Mebrat, 32, works as a social worker, supporting people displaced by the Tigray conflict in Mekelle, Ethiopia.
© UNHCR/Olga Sarrado Mur
The pain and trauma that Mebrat experienced when she fled her home has helped her in her current role as a social worker, making her better understand the plight and needs of the people she assists.
The 32-year-old mother of three never imagined she would become a symbol of hope, trust and strength for displaced Ethiopians who have found refuge in a health centre in Mekelle, the capital of the Tigray region.
“Some people tell me they can’t sleep at night. They have flashbacks of what they saw as they escaped,” she said. “I think they confide in me because I am friendly and I understand what they have been through.”
She was forced to flee her home ten months ago by truck, then on foot, walking for five days until her shoes wore out, hiding in villages and sleeping on the road with no food or money.
Today, she is using her pain to help others and she finds that it helps her do her job well.
“Sometimes, we just cry together.”
For the past three months, she has been working at a protection desk set up by UNHCR, the UN Refugee Agency, in the site which has become a haven for many.
“People of all ages come to ask for food, diapers, sanitary napkins, milk,” she said. “By helping them, we are ensuring that everyone gets the support they need most.”
In Northern Ethiopia, the fighting over the last 12 months has created a humanitarian crisis that has forced millions to flee their homes in search of safety. Up to 8 million people urgently need food, water and other aid. The conflict has made it increasingly difficult to reach people in need, as security conditions in some areas continue to deteriorate.
Mebrat receives about ten visitors daily and keeps the small room where the protection desk is housed clean and tidy.
“I advise them based on my experience. I am honest with them and I tell them they are not alone. Sometimes, we just cry together,” she said.
Her background is in business management – a profession she worked hard at for years.
“I came from a poor family so I would sell tea in the morning and study at night. But with hard work, I built a family and became a professional,” she said proudly.
“Social workers really support the physical and mental wellbeing of the displaced.”
In addition to distributing blankets, kitchen utensils and shelter materials to internally displaced people (IDPs) in the Amhara, Afar and Tigray regions in northern Ethiopia, UNHCR has set up a network of more than 50 protection desks, which are accessible to over half a million IDPs – with plans to expand to meet new displacement needs. Social workers like Mebrat serve a crucial role, linking them with service providers including humanitarian agencies.

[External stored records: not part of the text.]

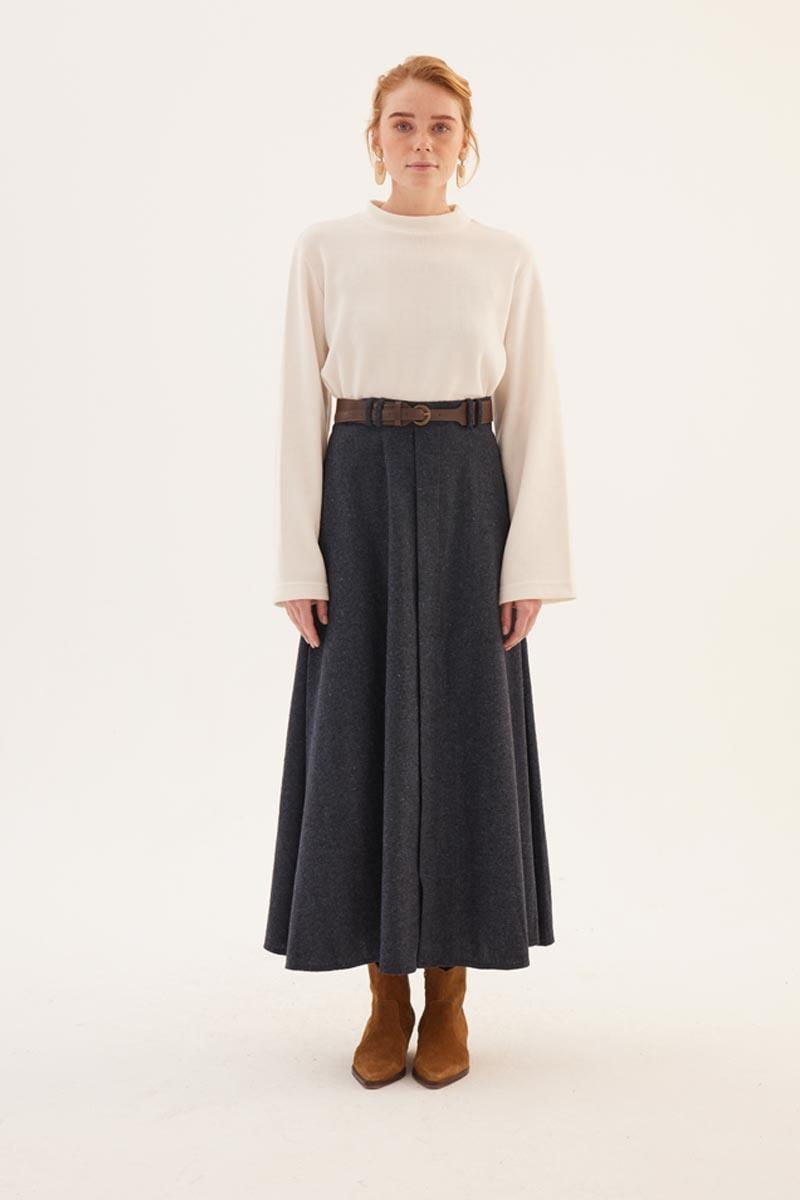 Önü Patlı Etek Lacivert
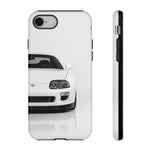 White MK4 Supra Phone Case, Retro 90s JDM Tough Cover for Car Enthusiasts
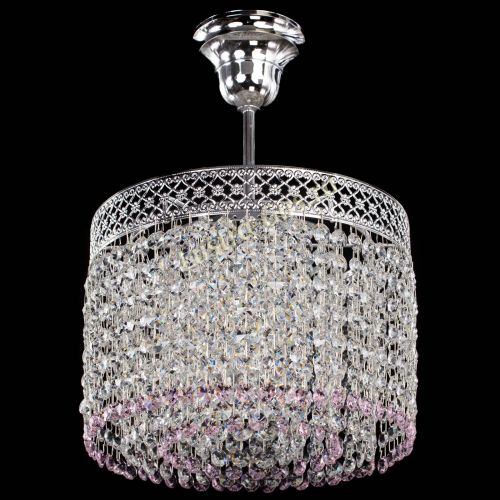 Люстра Венеция Капель №1 с подвесом Розовая в Сочи Гусь Хрустальный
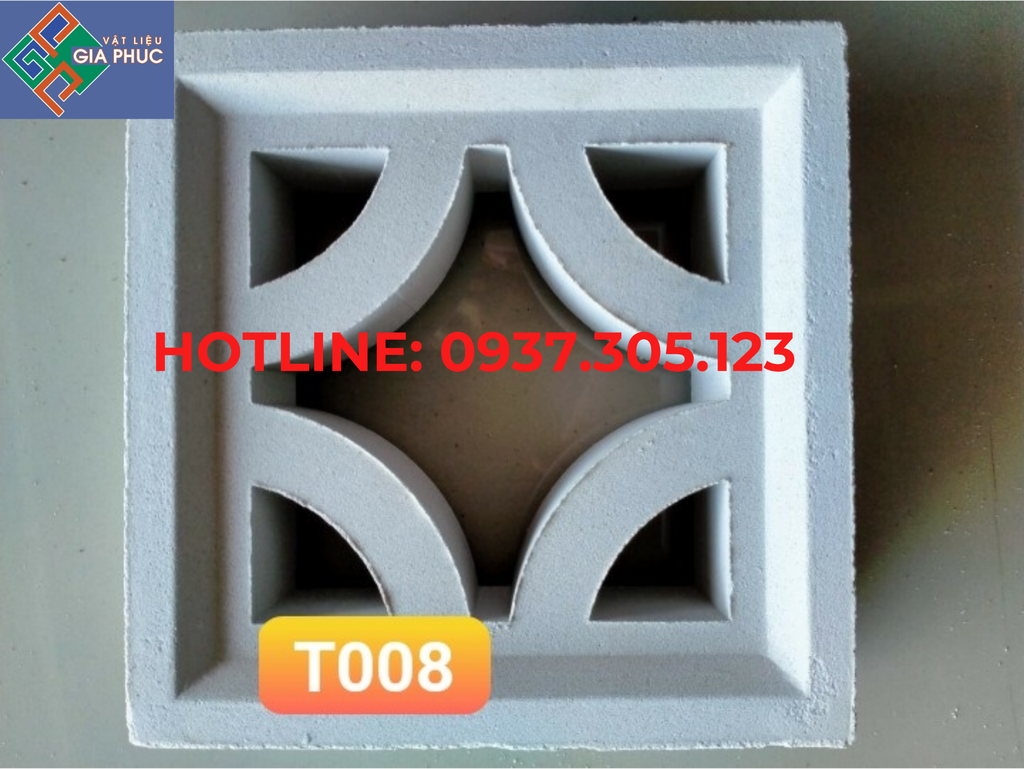 GẠCH BÔNG GIÓ T008 TRẮNG (VIÊN)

“Social workers are very close to the community, and we value their presence as they really support the physical and mental wellbeing of the displaced,” said Seda Kuzucu, UNHCR’s Senior Emergency Coordinator.
She explained how they help improve the humanitarian response by identifying needs and gathering relevant information which is useful in referring urgent cases for assistance.
“They provide a form of psychological first aid as many people are suffering from depression and anxiety due to the trauma they underwent, and the stress of an uncertain future.”
Like Mebrat, Teklit fled his home with his wife and two-year-old son. He lost friends on the way, witnessed killings, escaped shelling, spent nights hiding in the bush and walked for days in search of safety. But in his current role, he has found new hope.
“I wanted to help solve the problems of my community. This work is also helping me sustain my family and I keep learning every day,” he adds.
His experience in sports is making a difference as he keeps people, especially the youth, engaged through football and volleyball tournaments.
“I developed skills as a sports teacher that I am now putting into practice,” he said. “I used to tell my students to live for today and not to worry about tomorrow. No matter how hard the situation is, it will pass. I believe it deeply and I try to pass that message on to my community.
Teklit has become like a big brother to some 25 unaccompanied and separated children hosted at the site.
“I help identify the best way they can be assisted but the most important thing is to keep them busy and active. We play sports, we laugh, we dance. This is what fulfils me the most,” he said
His wife is his greatest supporter.
“When I am stressed, she advises me. She is my social worker!” he said with a laugh.
“We play sports, we laugh, we dance. This is what fulfils me the most.”
Although the social workers do as much as they can, they agree that it can be frustrating to not be able to do more.
“Our work is very challenging as we don’t always have the answers,” Mebrat said. “Sometimes people just want food, which we don’t have enough of. However, we do our best to ensure that any form of humanitarian aid reaches those most in need.”
They are encouraged by the critical role they play.
“This work helps me too as I have also suffered a lot. It reminds me I am still alive and healthy and I can help my community,” adds Mebrat said.
She dreams of returning home when there is peace.
“Peace is important for all of us to recover fully. With peace, I know I can achieve anything I want and I will have a brighter future.”